**Instructions for the task:** Given these entries, repeat exactly the lines starting with the one that has "United States Supreme" and going on through the one that has "NISOCY 25PCS Pink", both included, but none of the pictures.

**Available records:**
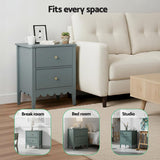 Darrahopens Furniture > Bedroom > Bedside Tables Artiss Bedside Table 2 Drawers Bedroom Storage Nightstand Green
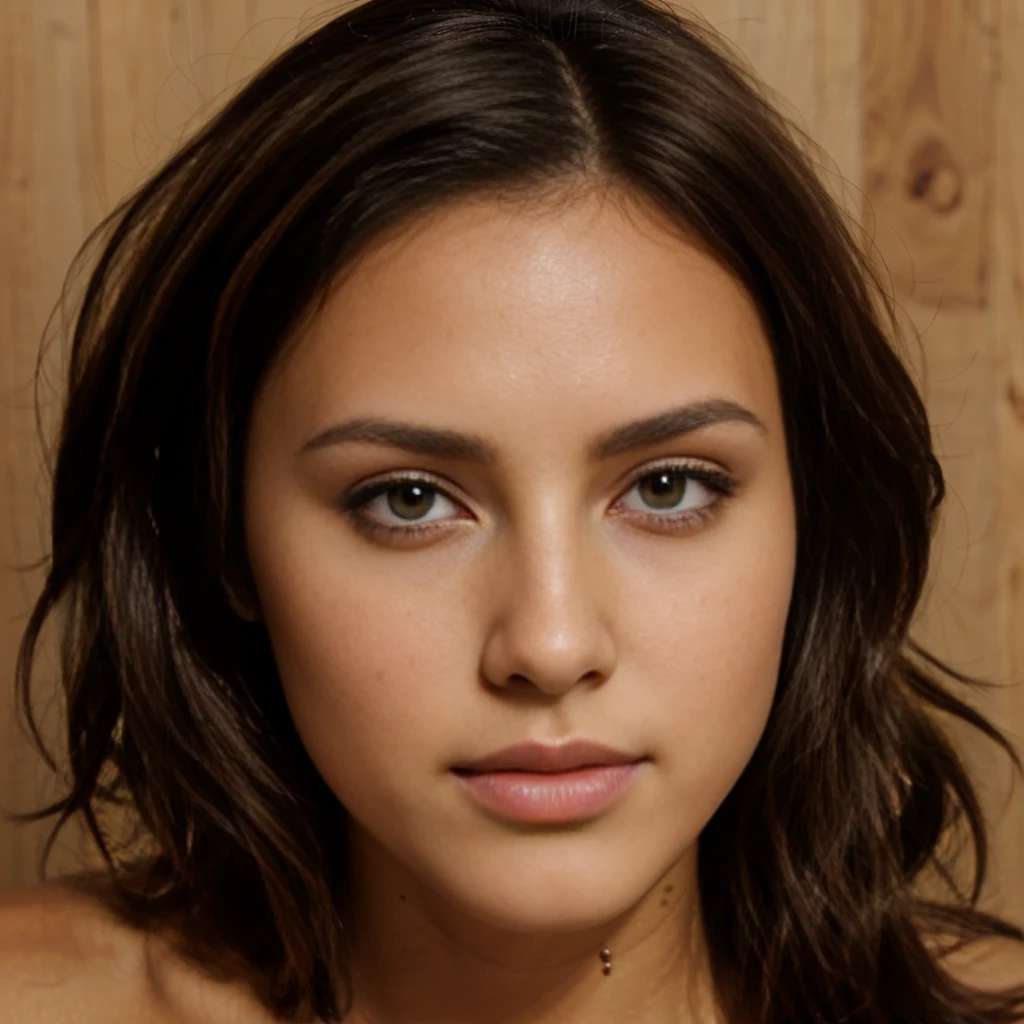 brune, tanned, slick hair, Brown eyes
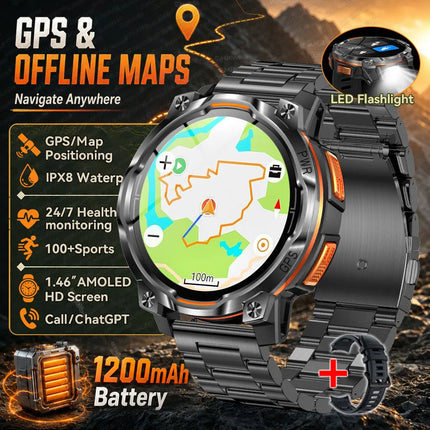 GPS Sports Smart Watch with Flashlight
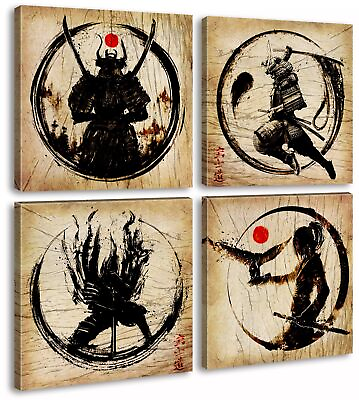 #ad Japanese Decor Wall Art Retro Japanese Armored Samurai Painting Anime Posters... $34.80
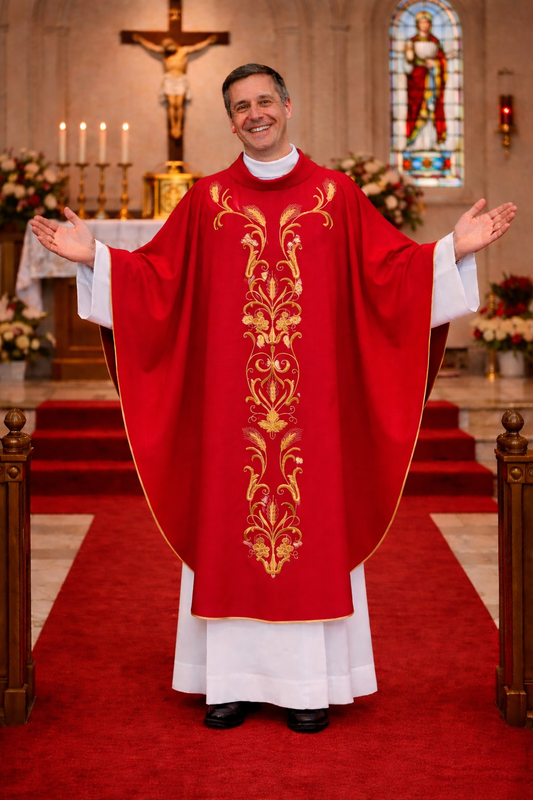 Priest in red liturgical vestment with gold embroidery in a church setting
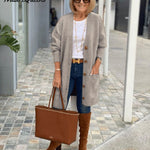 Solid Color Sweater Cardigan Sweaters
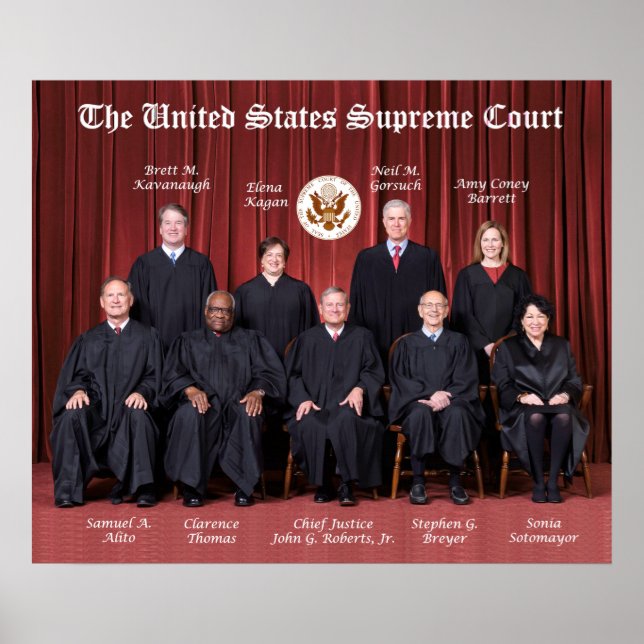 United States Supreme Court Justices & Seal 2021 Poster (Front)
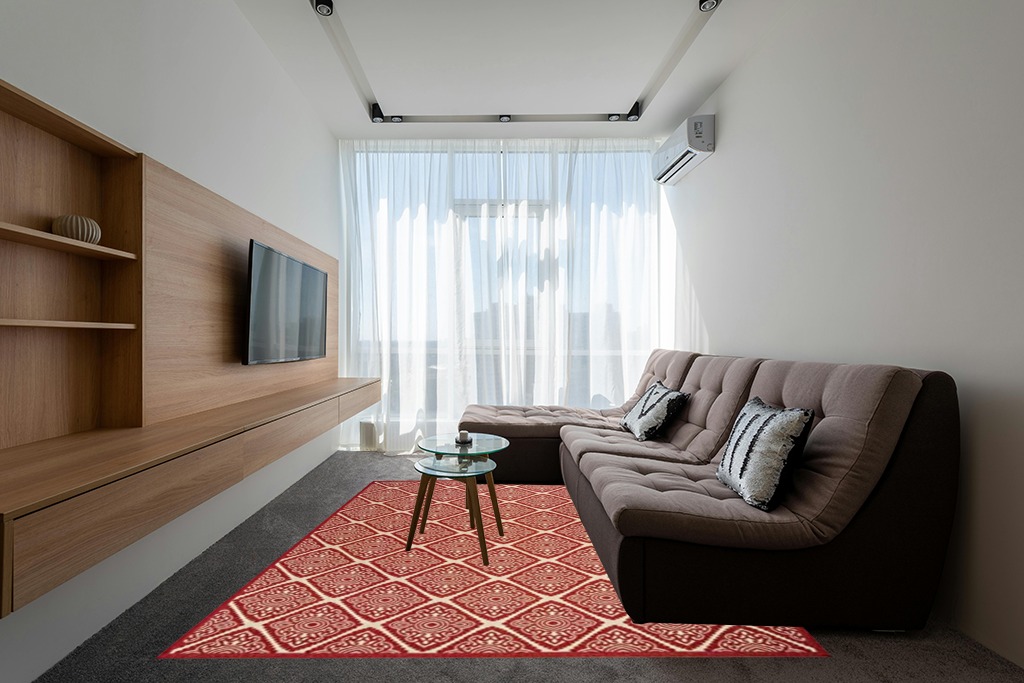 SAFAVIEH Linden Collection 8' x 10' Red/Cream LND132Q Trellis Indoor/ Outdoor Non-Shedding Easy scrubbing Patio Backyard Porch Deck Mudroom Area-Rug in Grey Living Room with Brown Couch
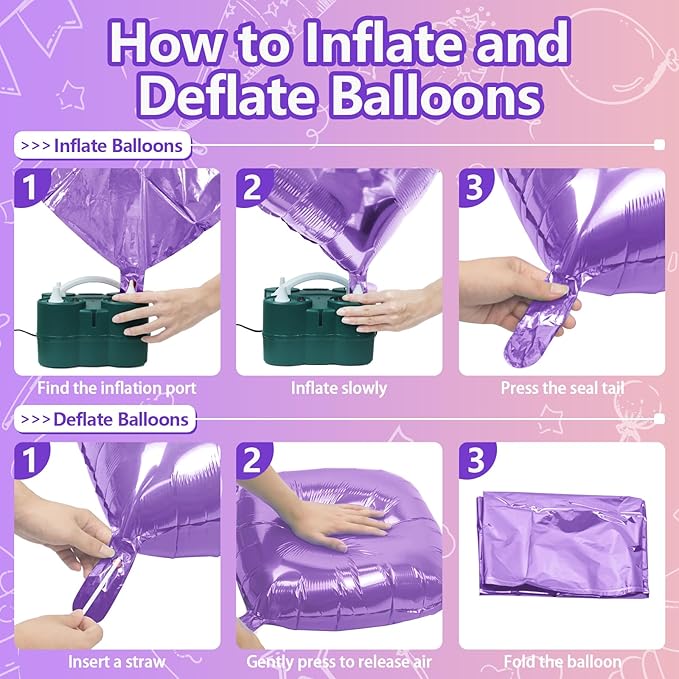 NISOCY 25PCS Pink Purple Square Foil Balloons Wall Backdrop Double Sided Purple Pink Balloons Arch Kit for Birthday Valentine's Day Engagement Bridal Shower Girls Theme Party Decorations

---

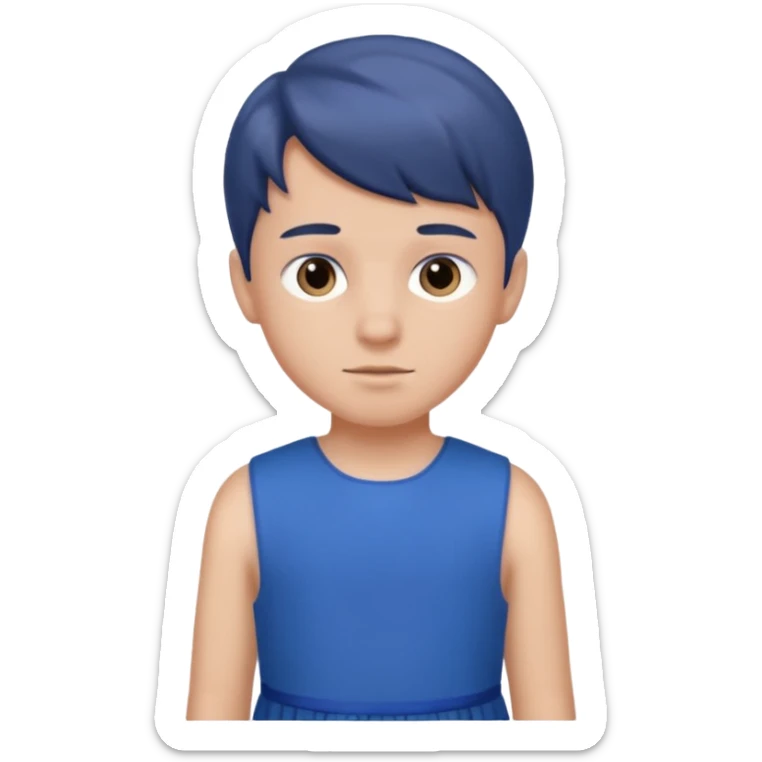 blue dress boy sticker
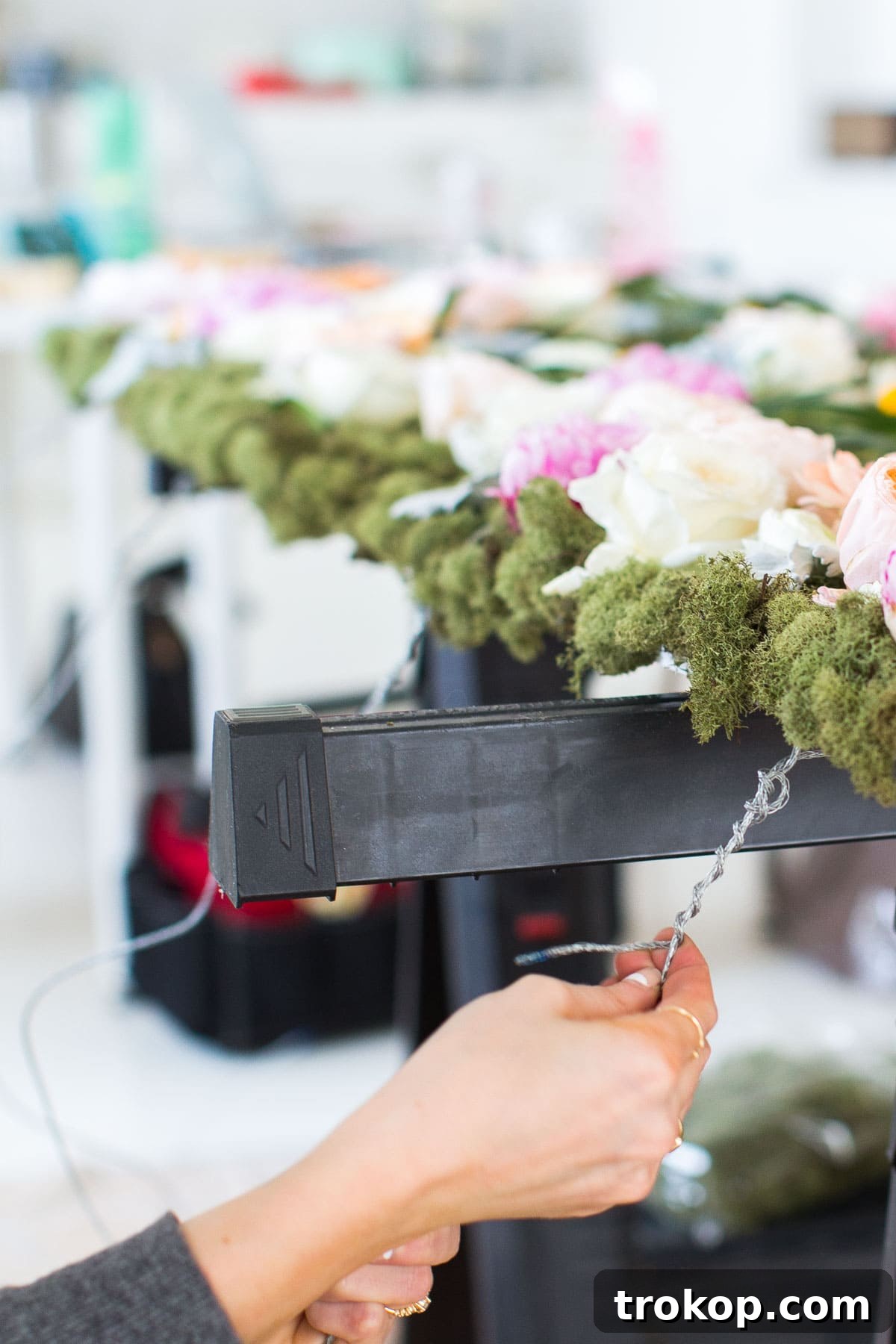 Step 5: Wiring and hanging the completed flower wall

---

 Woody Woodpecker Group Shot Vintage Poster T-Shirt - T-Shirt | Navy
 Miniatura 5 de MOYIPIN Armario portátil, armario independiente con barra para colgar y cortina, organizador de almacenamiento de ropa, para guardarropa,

**Answer for the task:**
 United States Supreme Court Justices & Seal 2021 Poster (Front)
 SAFAVIEH Linden Collection 8' x 10' Red/Cream LND132Q Trellis Indoor/ Outdoor Non-Shedding Easy scrubbing Patio Backyard Porch Deck Mudroom Area-Rug in Grey Living Room with Brown Couch
 NISOCY 25PCS Pink Purple Square Foil Balloons Wall Backdrop Double Sided Purple Pink Balloons Arch Kit for Birthday Valentine's Day Engagement Bridal Shower Girls Theme Party Decorations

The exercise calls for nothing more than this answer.